At least 18 years old.
Females of childbearing potential must agree to have a urine or serum pregnancy test on vaccination day, immediately before vaccination (Exception: documented hysterectomy or > 3 years of menopause). The results must be negative. Subjects must agree not to become pregnant for 3 months after receipt of the vaccine.
Subjects must be at risk for exposure to F. tularensis.
Subjects must have an up-to-date (within 1 year) medical history including concomitant medications, physical examination, and laboratory tests on their charts and be medically cleared for participation by an investigator.
Subject must be willing to return for all follow-up visits on days 1 and 2, between days 5-9, 12-16, 28-35, and 56-84 (if needed), all visits for serology, and the closeout interview 6 months (±14 days) after vaccination or revaccination.
Subject must agree to report any adverse event which may or may not be associated with administration of the test article for at least 28 days after vaccination.

Exclusion criteria

Over the age of 65 Years.
Vaccinated against tularemia within the last 10 years or had a documented, confirmed tularemia infection.
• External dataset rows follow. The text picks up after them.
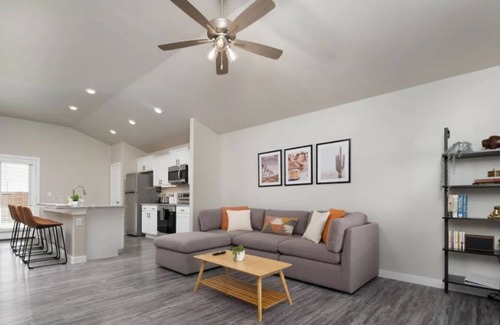 Amarillo House | New Construction - 3BD & 2BA - Long Stays Welcome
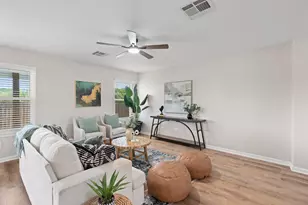 724 Lavaca Loop, Elgin, TX 78621 - Photo 6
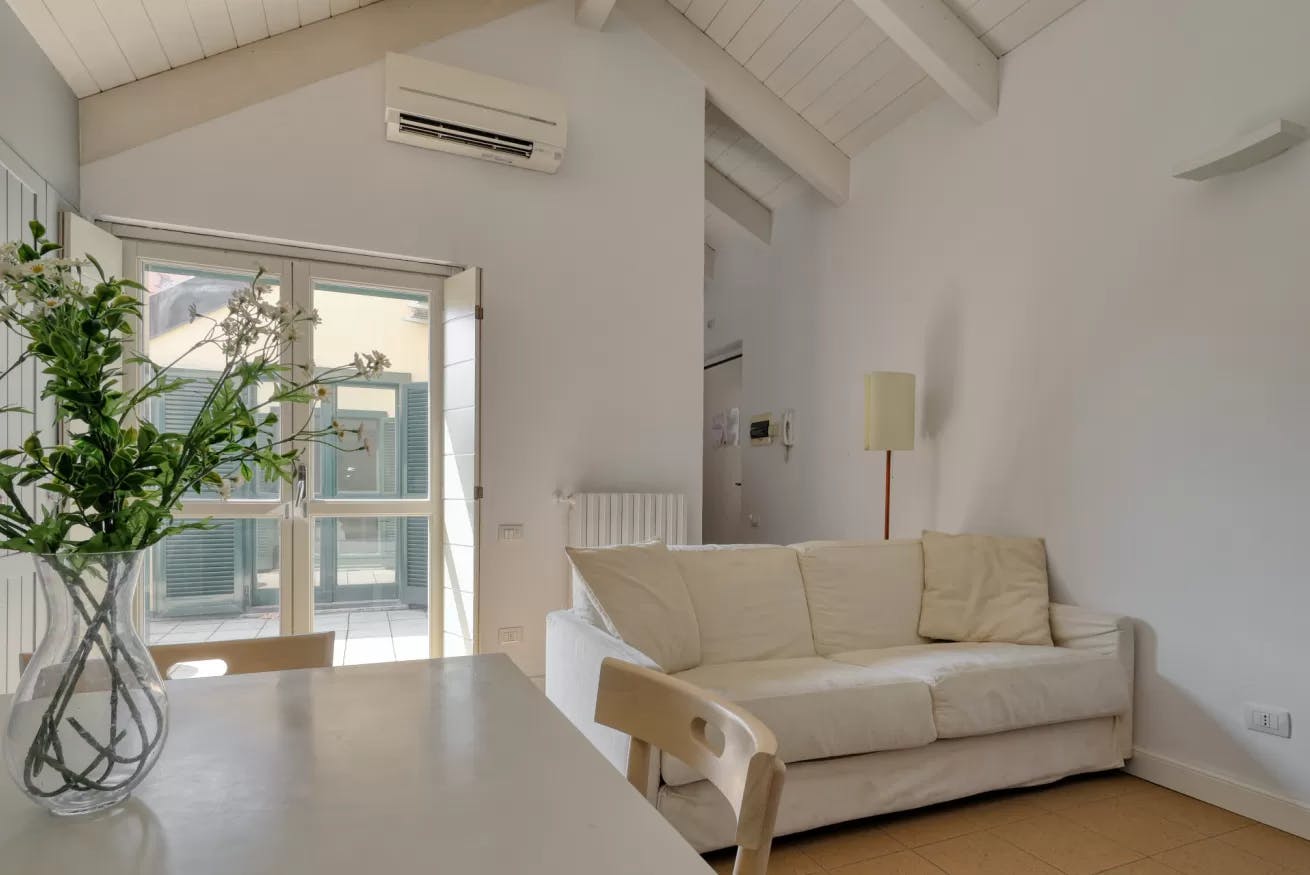 Via Cesare Cesariano, Milan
Clinically significant abnormal lab results including evidence of hepatitis C, hepatitis B carrier state, or elevated liver function tests (two times the normal range or at the discretion of the PI).
Personal history of an immunodeficiency or current treatment with an oral or intravenous immunosuppressive medication.
Confirmed HIV* infection.
A medical condition that, in the judgment of the Principal Investigator (PI), would impact subject safety.
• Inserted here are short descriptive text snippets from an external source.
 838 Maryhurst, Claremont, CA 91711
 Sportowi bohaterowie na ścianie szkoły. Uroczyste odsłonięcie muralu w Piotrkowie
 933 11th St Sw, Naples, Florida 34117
Antibiotic therapy within 7 days before vaccination.
Pregnancy or lactation. Subjects must agree not to become pregnant for 3 months after receipt of the vaccine.
Any known allergies to any component of the vaccine:

Modified casein partial hydrolysate medium Glucose cysteine hemin agar Sucrose gelatin agar stabilizer
Administration of another vaccine within 4 weeks of tularemia vaccination.
Any unresolved AE resulting from a previous immunization.